Tool Parameters Description
session_connect dbus_address? str, wayland_display? str, keep_screenshots? bool (false) Connect to an existing KWin session (real desktop or container)

Architecture

Both session modes share the same 30 MCP tools and delegate to AutomationEngine (core.py):

session_start (virtual) → dbus-run-session + kwin_wayland --virtual
session_connect (live)  → existing KWin (real desktop / container)

Technologies: AT-SPI2 for accessibility, KWin EIS D-Bus + libei for input injection, KWin ScreenShot2 D-Bus for screenshots, PyGObject for GObject introspection, wl-clipboard and wtype for clipboard and Unicode input.

Installation

# Using uv (recommended)
uv tool install kwin-mcp

# Or using pip
pip install kwin-mcp

Full Changelog: v0.6.0...v0.7.0

v0.6.0

25 Feb 06:56
35bfc5a

Choose a tag to compare

kwin-mcp v0.6.0 adds home directory isolation for reproducible testing environments and smarter AT-SPI2 queries with state/role filtering and automatic retry logic.

Highlights

  • Home directory isolationsession_start now supports isolate_home=true to create a temporary HOME with isolated XDG directories (XDG_CONFIG_HOME, XDG_DATA_HOME, XDG_CACHE_HOME, XDG_STATE_HOME), preventing apps from reading or writing host user settings. Use keep_home=true to preserve the isolated home after session_stop for inspection.
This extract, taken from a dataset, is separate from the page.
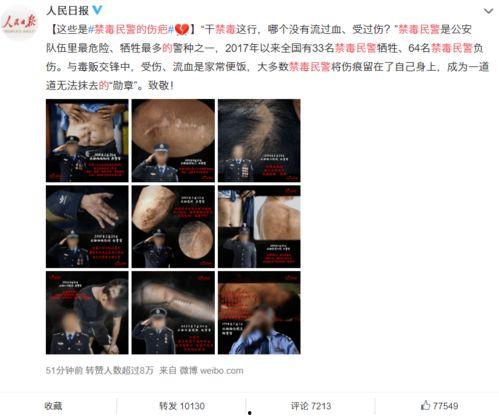 热门话题禁毒,揭秘毒品危害与全民防毒行动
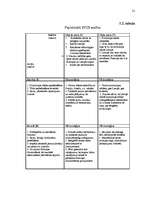 Referāts 'Uzņēmuma "Dzintars" mārketinga vides izpēte', 21.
  • AT-SPI2 state-aware queriesfind_ui_elements gains a states parameter for filtering by AT-SPI2 states (e.g. ["focused"], ["active", "visible"]), and wait_for_element gains expected_states for polling until elements reach specific states.
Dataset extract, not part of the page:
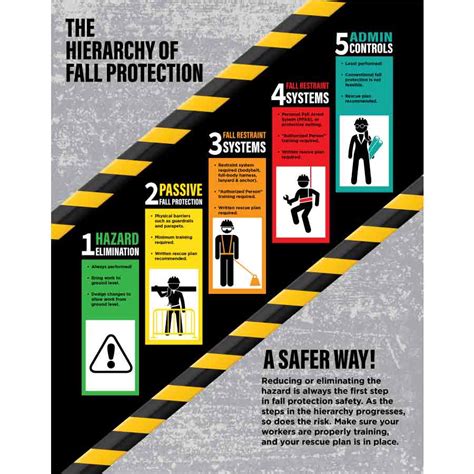 prevention-and-protection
  • Role-based tree filteringaccessibility_tree now accepts a role parameter to filter the tree to specific element types (e.g. "button", "check box"). Non-matching elements are hidden but their children are still traversed.

  • Window state markerslist_windows now shows per-window titles with [active]/[focused] state markers via AT-SPI2.
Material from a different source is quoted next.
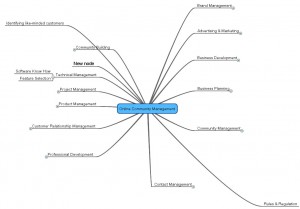 Mindmap du Community Manager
  • AT-SPI2 retry logic — Subprocess queries (_run_atspi) now retry once with a 0.5s delay on failure, improving resilience against transient AT-SPI2 bus instability.

Installation

# Using uv (recommended)
uv tool install kwin-mcp

# Or using pip
pip install kwin-mcp

Full Changelog: v0.5.1...v0.6.0

v0.5.1

23 Feb 13:49
c2bf989

Choose a tag to compare

kwin-mcp v0.5.1 fixes screen resolution parameters and adds screenshot preservation for debugging.

What's Changed

  • Fix screen resolution: session_start screen_width/screen_height parameters were being ignored — now correctly passed as --width/--height flags to kwin_wayland
  • keep_screenshots option: New session_start parameter to preserve screenshot files after session_stop, useful for debugging and CI artifact collection
  • SEO & documentation: Added documentation guidelines to CLAUDE.md, docs-seo custom agent, release-notes skill, GitHub issue/PR templates, and CONTRIBUTING.md

Full Changelog: v0.5.0...v0.5.1

v0.5.0

23 Feb 13:49
2349bb5

Choose a tag to compare

kwin-mcp v0.5.0 introduces AutomationEngine — a clean separation of MCP-independent automation logic — and an interactive CLI for rapid testing of all 29 MCP tools.

Highlights

  • AutomationEngine (core.py): All automation logic (session, input, screenshot, accessibility) extracted from server.py into a standalone class, making it reusable outside MCP contexts
  • Interactive CLI (kwin-mcp-cli): New entry point with REPL and pipe mode for testing tools without an MCP client
  • Thin MCP server: server.py reduced to lightweight wrappers delegating to AutomationEngine
  • Improved session startup: Cleaner AT-SPI2 bus address propagation and reduced launcher sleep time

Installation

uv tool install kwin-mcp
pip install kwin-mcp

Full Changelog: v0.4.2...v0.5.0

v0.4.2

22 Feb 13:51
4a19406

Choose a tag to compare

What's Changed

Improve MCP tool spec quality for better LLM integration

  • Add Annotated[type, Field(description=...)] to all parameters across all 29 tools, so MCP clients expose per-parameter descriptions in JSON Schema
  • Remove redundant docstring Args: sections that duplicated Field descriptions
  • Improve tool-level docstrings with prerequisites, return value formats, and usage guidance
  • Add coordinate system explanation to mouse/touch tools (0,0 = top-left)
  • Clarify keyboard_type vs keyboard_type_unicode distinction
  • Document enable_clipboard=true prerequisite for clipboard tools
  • Add dbus-send argument format examples to dbus_call
  • Note AT-SPI2 visibility limitation in list_windows
  • Clarify case-insensitive substring matching in focus_window

Full Changelog: v0.4.1...v0.4.2

v0.4.1

22 Feb 12:53
49dcb34

Choose a tag to compare

Fixed

  • Explicitly pass KWIN_WAYLAND_NO_PERMISSION_CHECKS and KWIN_SCREENSHOT_NO_PERMISSION_CHECKS env vars directly to the KWin process in the wrapper script
  • Environment variable inheritance through dbus-run-session was unreliable, causing the restricted Wayland protocol access added in v0.4.0 (org_kde_plasma_window_management, etc.) and .desktop file X-KDE-Wayland-Interfaces declarations to not take effect

Full Changelog: v0.4.0...v0.4.1

v0.4.0

22 Feb 11:19
3024e1d

Choose a tag to compare

Highlights

Restricted Wayland Protocol Access (Critical)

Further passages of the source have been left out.